Brief descriptive captions
- - -

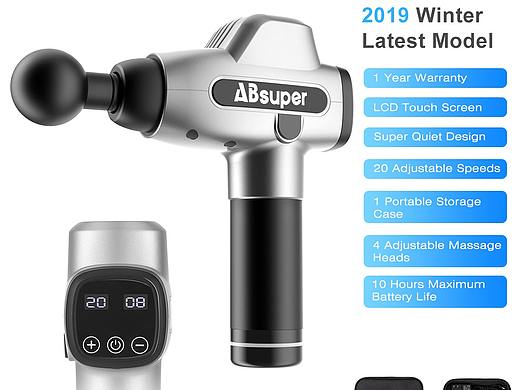 筋膜枪A+及主图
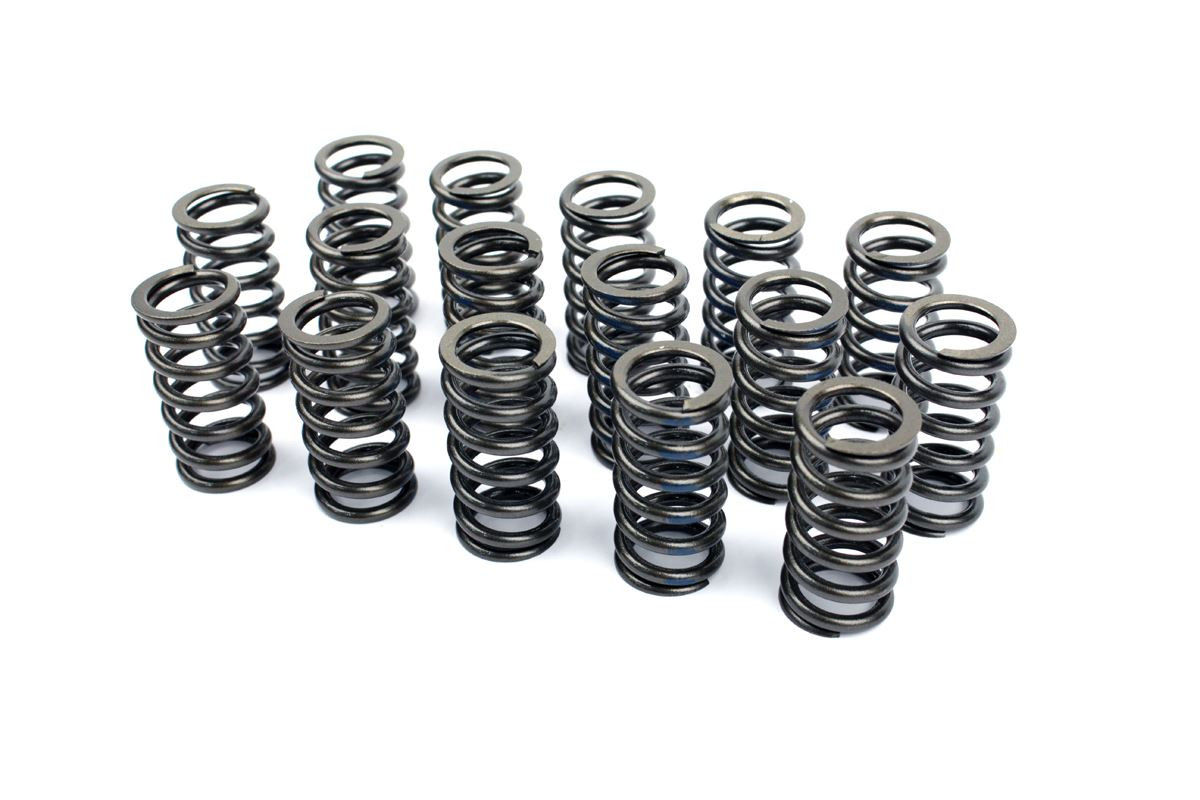 Upgraded Valve Springs for 1.6 / 2.0 16v & 2.7 / 3.0 24v TDI CR Upgraded Valve Springs for 1.6 / 2.0 16v & 2.7 / 3.0 24v TDI CR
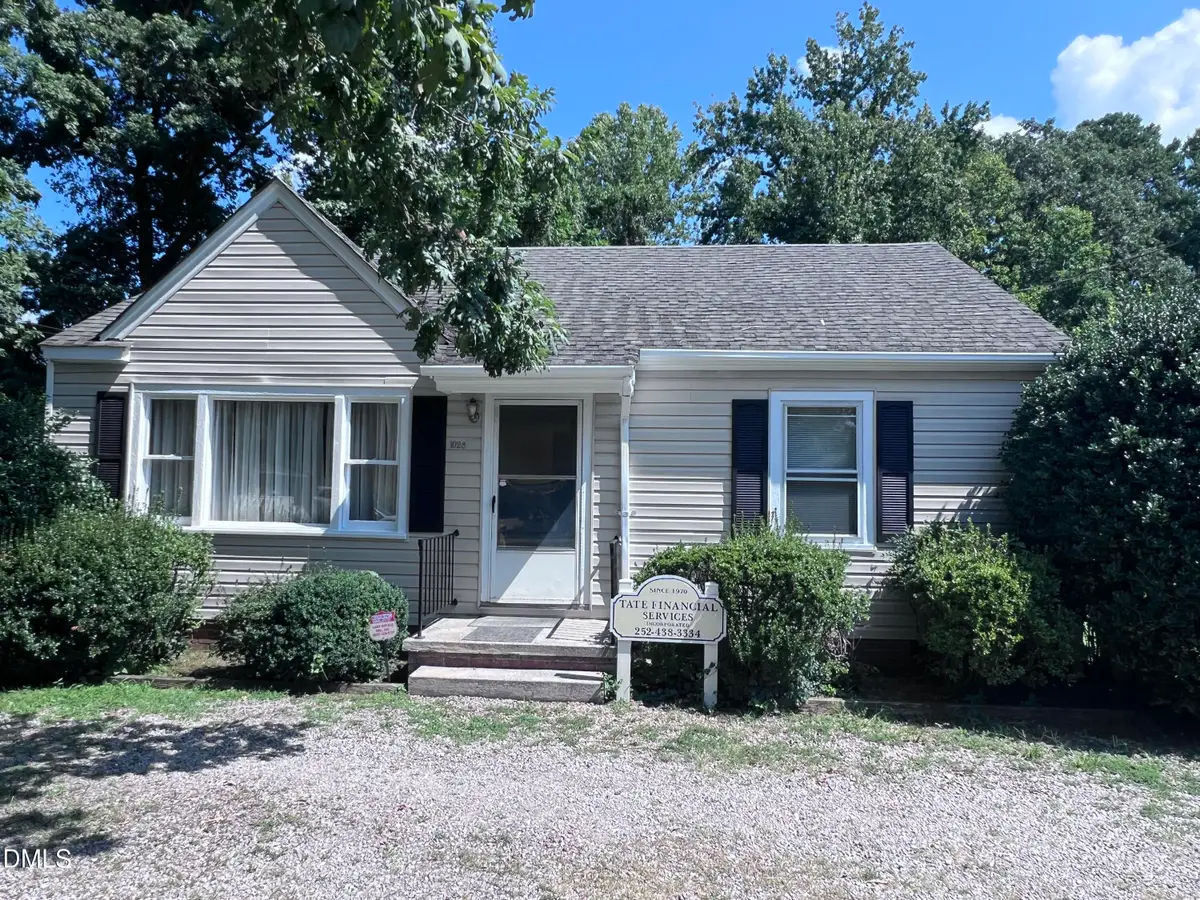 1028 Dabney Drive, Henderson, NC 27536 - #1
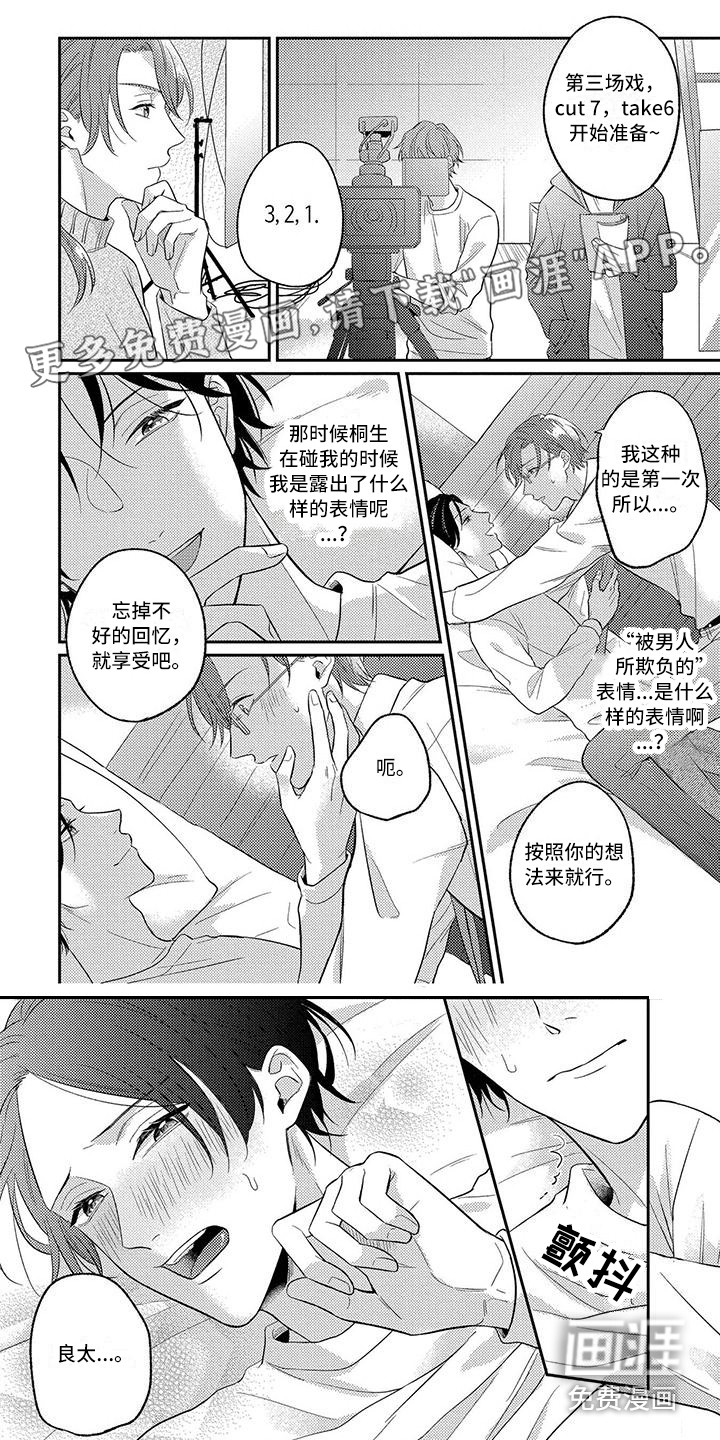 恋爱冒险第5话图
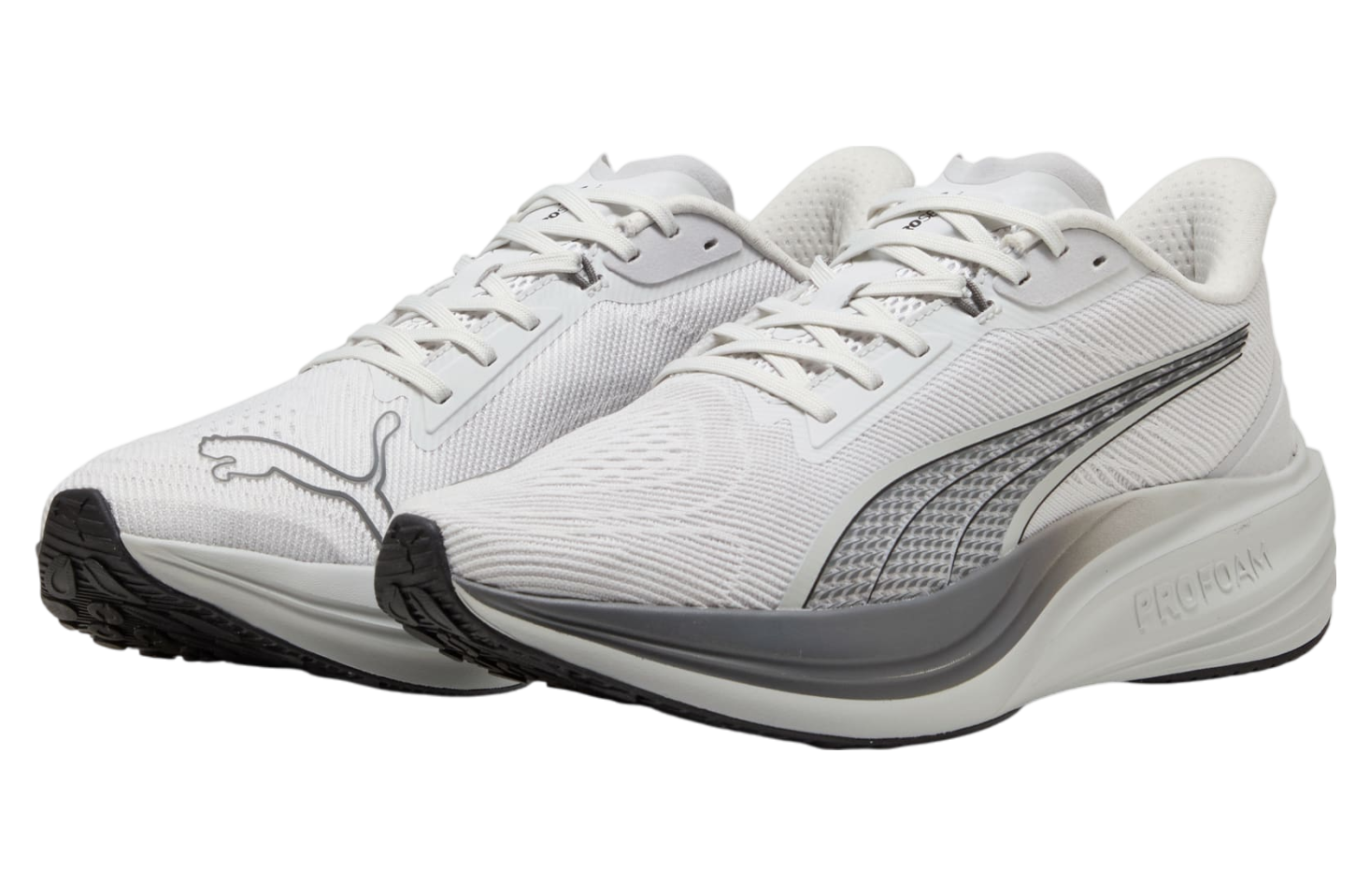 Puma Darter Pro Feather Gray / Cool Light Gray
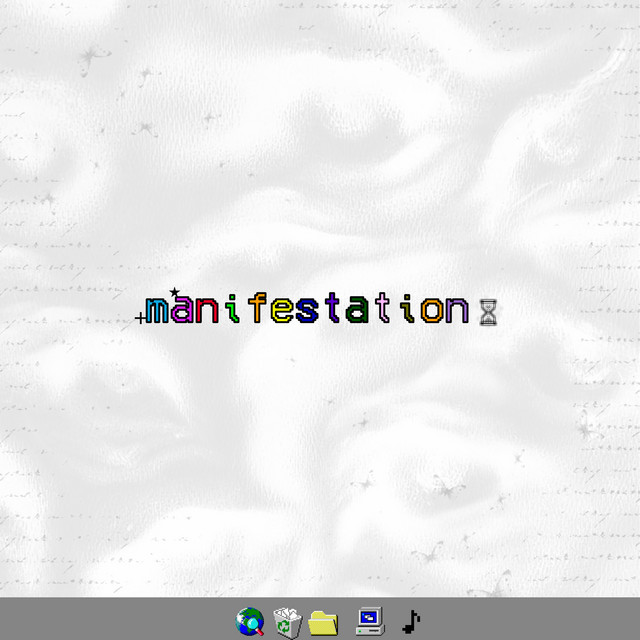 Manifestation cover art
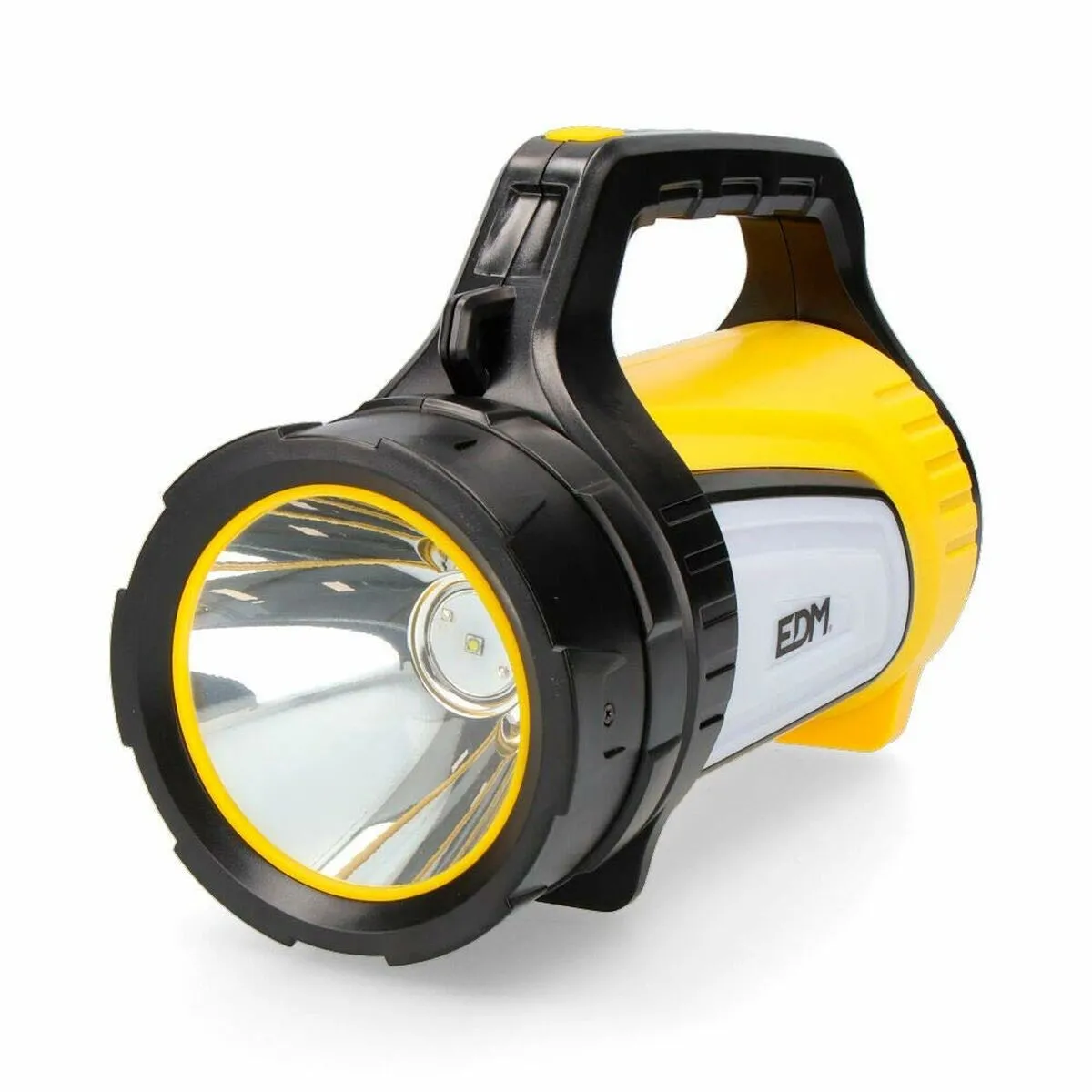 Pas De Marque Rouge/Jaune Lampe Torche Edm Abs 10 W - Image 3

- - -

**Your objective**
Exactly the lines from the one containing "TDI CR Upgraded" to the final line of the entries are wanted; please write them out, both ends included, but not the pictures.

**Output of the exercise**
 Upgraded Valve Springs for 1.6 / 2.0 16v & 2.7 / 3.0 24v TDI CR Upgraded Valve Springs for 1.6 / 2.0 16v & 2.7 / 3.0 24v TDI CR
 1028 Dabney Drive, Henderson, NC 27536 - #1
 恋爱冒险第5话图
 Puma Darter Pro Feather Gray / Cool Light Gray
 Manifestation cover art
 Pas De Marque Rouge/Jaune Lampe Torche Edm Abs 10 W - Image 3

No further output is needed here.